During the Great Depression, Canada’s patchwork system of municipal relief proved totally inadequate. Subsequently, provincial governments established social-welfare programs and uploaded unemployment insurance to the federal government. Under Mike Harris, Ontario reverted to the 1930s model of municipalities financing social welfare.
McGuinty’s promise is a small step back in the right direction (or left direction?). However, it is not as though he uploaded $1 billion in his first term and is promising to upload the remaining $3 billion if re-elected. Instead, after having done almost nothing to strengthen municipal finances, he is now promising to do very little. One doubts whether McGuinty would be making even this minimal promise were he not bleeding support to the NDP.

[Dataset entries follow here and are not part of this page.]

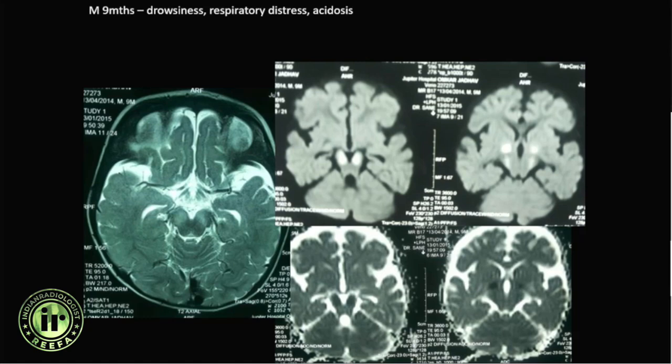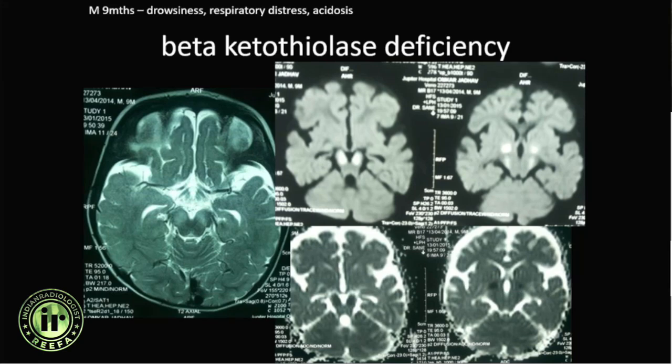The differential here was MSUD, but this turned out to be beta-ketothiolase deficiency.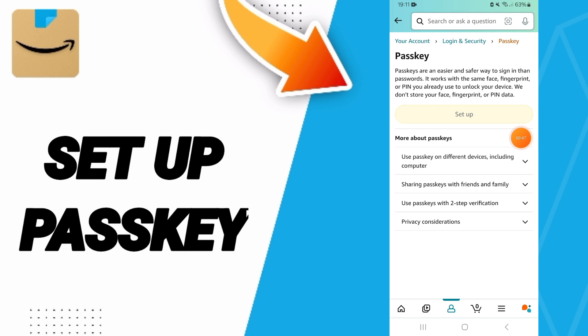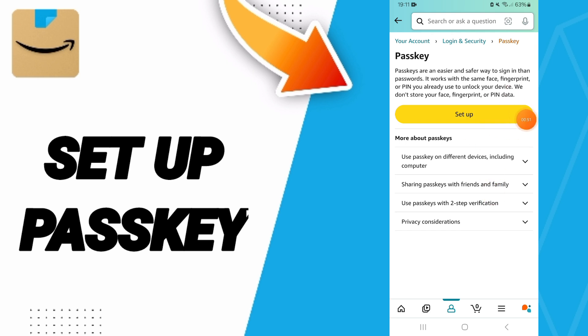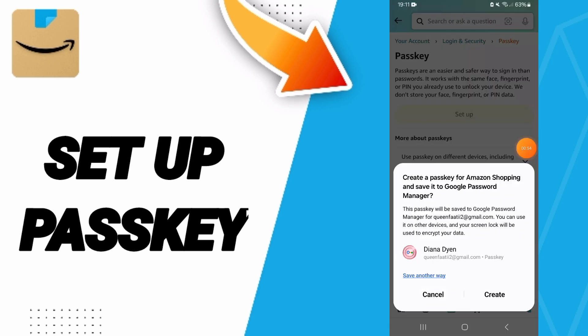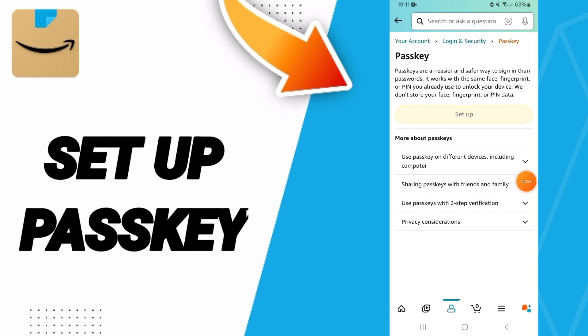As you see in this page, you will click on 'Setup' to set up your passkey on the Amazon Shopping application. Then you click 'Create' on your email.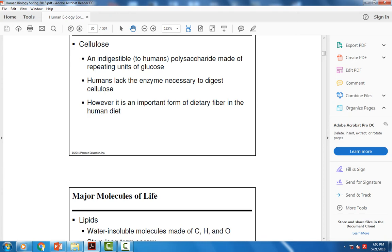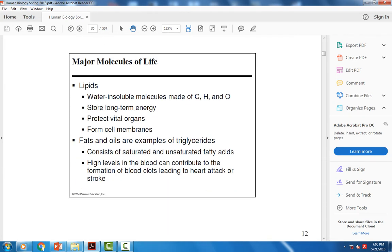Lipids are fats — water-insoluble molecules that do not dissolve in water, as in the saying 'water and oil don't mix.' There are two versions: those solid at room temperature, called fats, which come from animal sources like the fat in hamburger meat or butter; and oils, which are liquid at room temperature and come from plant sources like olive oil and vegetable oil.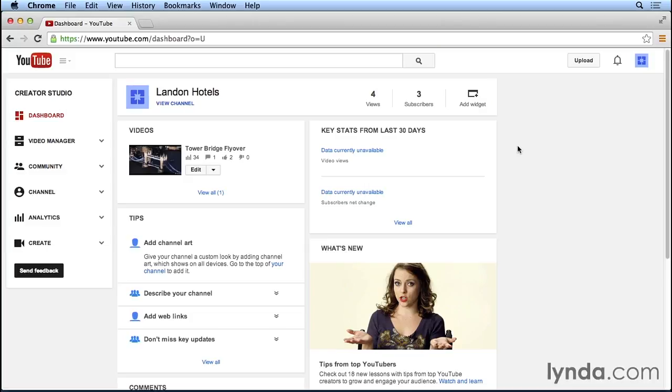Once you've uploaded some videos to your YouTube channel, there's a good chance that your viewers are going to navigate to your YouTube channel about page to find more information about your organization. So it's a good idea to make sure that you add a description to that page so that users have clear expectations about what they're going to find on your YouTube channel.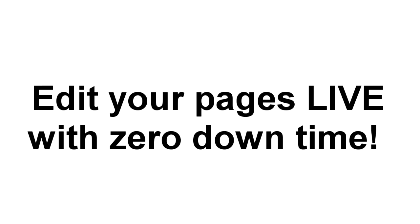You'll also be able to make edits to your page on the fly. Just log into your dashboard, tweak anything you need, and the app automatically updates everything in real time. You don't need to touch any code, you don't need to re-upload anything, and you never have to worry about your page being down while you make changes.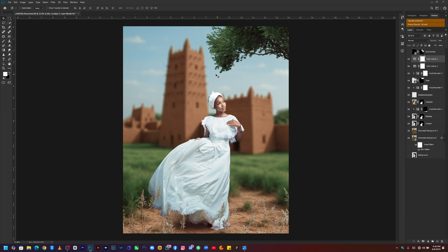Lastly, I added some dust particles to the image — here's the before and after. This is basically what I did to transform this image from looking like this to this. Don't forget you can access the PSD file on my Telegram channel using the link in the description. That's it for today's video — I hope you learned something. Don't forget to like and share, as it makes a huge difference in supporting the channel. See you on the next one.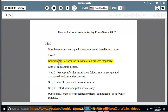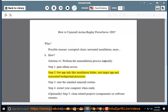How? Solution number 1: Perform the uninstallation process manually. Step 1: Gain Admin Access. Step 2: Get app info like installation folder, then exit the target app and associated background processes. Step 3: Start the standard uninstall routine.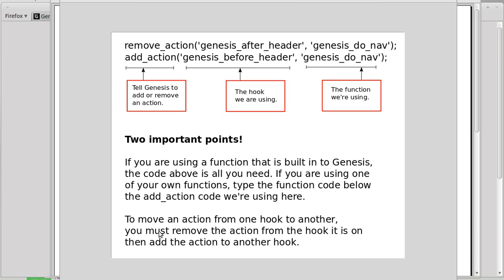To summarise: to move an action from one hook to another, you must first remove the action from the hook it's on, and then add the action to another hook. That's the process for moving any block of content to a different position.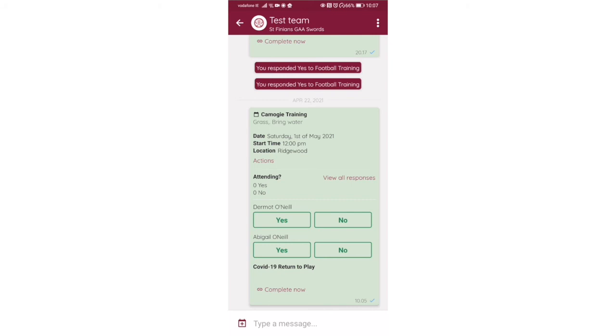There's a test event here. Every training and every match you're going to have an event. In this case it's camogie training. It gives you the date, start time, location, and you can specify if you're going to attend or not. When I joined this group I said I was a mentor and my daughter Abigail was a player.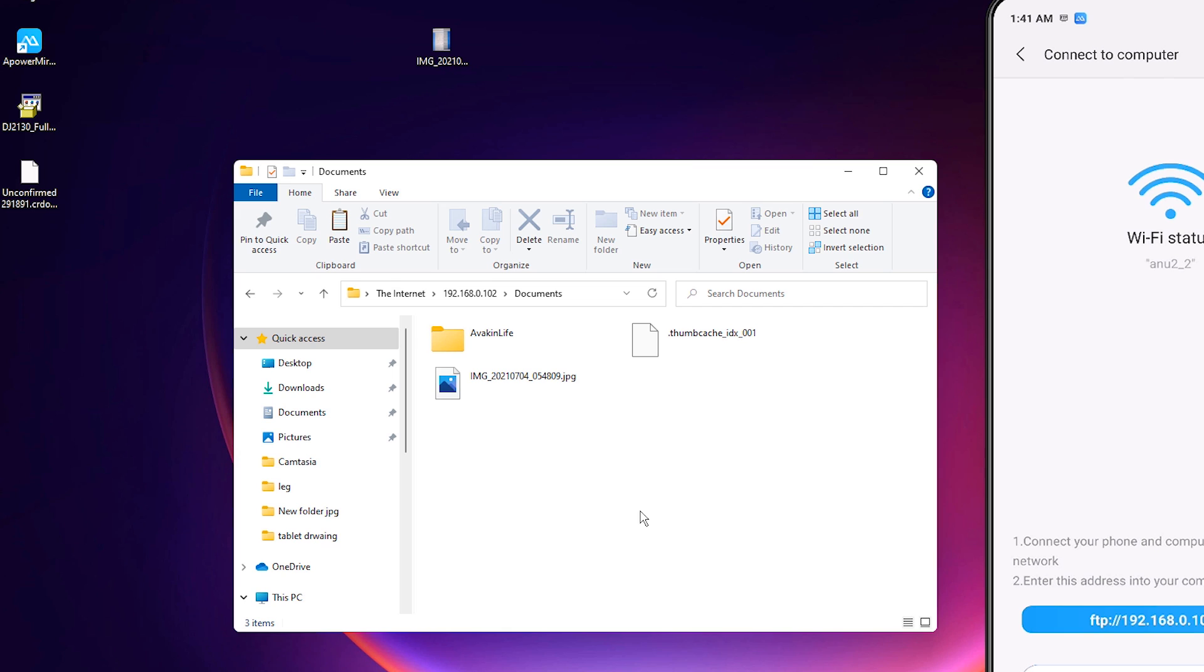So guys, this is the simplest way to transfer files from mobile to Windows 11 without using USB cable. Thank you for watching this video and don't forget to like, share, comment on this video and subscribe to the channel. Thank you guys.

In the Toronto Star, Nelson Wiseman characterizes the NDP’s more generous proposal for municipal financing as the unrealistic promise of a party that will never be in power. The fact that other provincial governments directly finance social services goes unmentioned. It is not unrealistic to propose that Ontario, one of the richer provinces, could finance all provincial social services from the provincial tax base.
What’s needed is the political will to raise somewhat more provincial revenue through progressive income taxes, which are substantially lower in Ontario than in most other provinces.
UPDATE (August 21): My hat goes off to The Star. Today’s report notes that “Ontario is the only province that uses [municipal] property taxes to partly fund provincial social and health services.”